Graph Partitioning for Load Balancing of Multi-phase, Multi-physics, and Multi-mesh Simulations

by Kirk Schloegel, George Karypis, Vipin Kumar, Army HPC Research Center

Introduction

Algorithms that find good partitionings of irregular graphs are critical for the efficient execution of scientific simulations on high-performance parallel computers. In these simulations, computation is performed iteratively on each element (and/or node) of a physical two- or three-dimensional mesh and then information is exchanged between adjacent mesh elements. For example, computation is performed on each triangle of the two-dimensional mesh shown in Figure 1. Then information is exchanged for every face between adjacent triangles. The efficient execution of such simulations on parallel machines requires a mapping of the computational mesh onto the processors such that each processor gets roughly an equal number of mesh elements and that the amount of inter-processor communication required to perform the information exchange between adjacent elements is minimized. Such a mapping is commonly found by solving a graph partitioning problem [9]. For example, a graph partitioning algorithm was used to decompose the mesh in Figure 1. Here, the mesh elements have been colored to indicate the processor to which they have been mapped.

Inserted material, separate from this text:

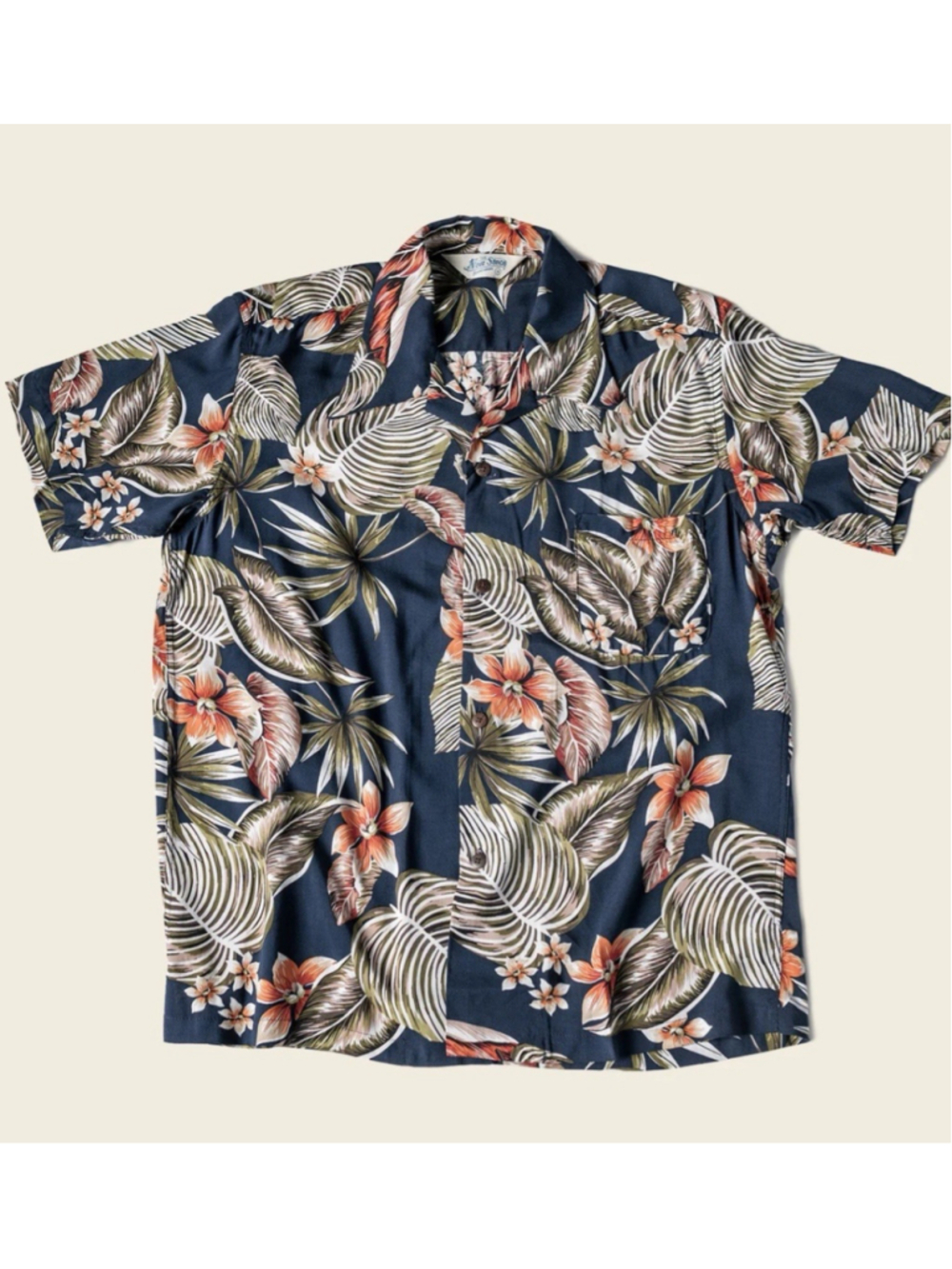 Bronson Vintage T-Shirt Print Shirt Men's Short Sleeve Shirt Aloha Hawaii L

The graph partitioning problem is known to be NP-complete. Therefore, it is not possible to compute optimal partitionings for graphs of interesting size in a reasonable amount of time. This fact, combined with the importance of the problem, has led to the development of several heuristic approaches. See [9] for a recent survey of these schemes. Of these, multilevel algorithms are widely recognized as the state-of-the-art, as they are able to robustly compute high-quality partitionings quickly. Furthermore, many of these are available as serial (Chaco [2], JOSTLE [13], and MUDS [4]) or parallel (ParMeTiS [6] and PJOSTLE [12]) software libraries.

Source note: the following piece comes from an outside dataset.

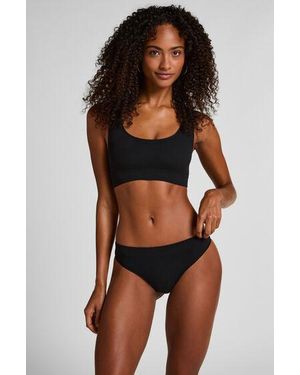 Hunkemöller Dianne High Leg Thong - Black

While graph partitioning algorithms have enabled the efficient execution of a wide range of scientific simulations on parallel machines, other applications have a number of additional requirements for their mesh decompositions that traditional partitioners are unable to satisfy. For example, many scientific simulations consist of a number of computational phases separated by synchronization steps (i.e., multi-phase simulations). These require that each of the phases be individually load balanced. Still other scientific simulations model multiple physical phenomenon (i.e., multi-physics simulations) or employ multiple meshes simultaneously (i.e., multi-mesh simulations). These also impose additional requirements that the partitioning algorithm must take into account. In this article, we describe some of these classes of simulations, as well as highlight new, generalized partitioning formulations and algorithms designed for them.

Multi-phase Simulations

Multi-phase simulations consist of a number of distinct computational phases, each separated by an explicit synchronization step. In general, the amount of computation performed for each element of the mesh is different for different phases. The existence of the synchronization steps between the phases requires that each phase be individually load balanced. That is, it is not sufficient to simply sum up the relative times required for each phase and to compute a decomposition based on this sum. Doing so may lead to some processors having too much work during one phase of the computation (and so, these may still be working after other processors are idle), and not enough work during other phases (and so these may be idle while other processors are still working). Instead, it is critical that every processor have an equal amount of work from all of the phases of the computation. A traditional graph partitioning scheme can be used to balance the load across the processors for a single phase of the computation. However, the load may be seriously imbalanced for the other phases. Another method is to use a different partitioning for every phase, each of which balances the load of a single phase only. This method requires that costly data redistribution be performed after each phase in order to realize the partitioning corresponding to the next phase. A better method is to compute a single partitioning that simultaneously balances the work performed in each of the phases. In this case, no redistribution of the data is necessary, and all of the phases are well balanced.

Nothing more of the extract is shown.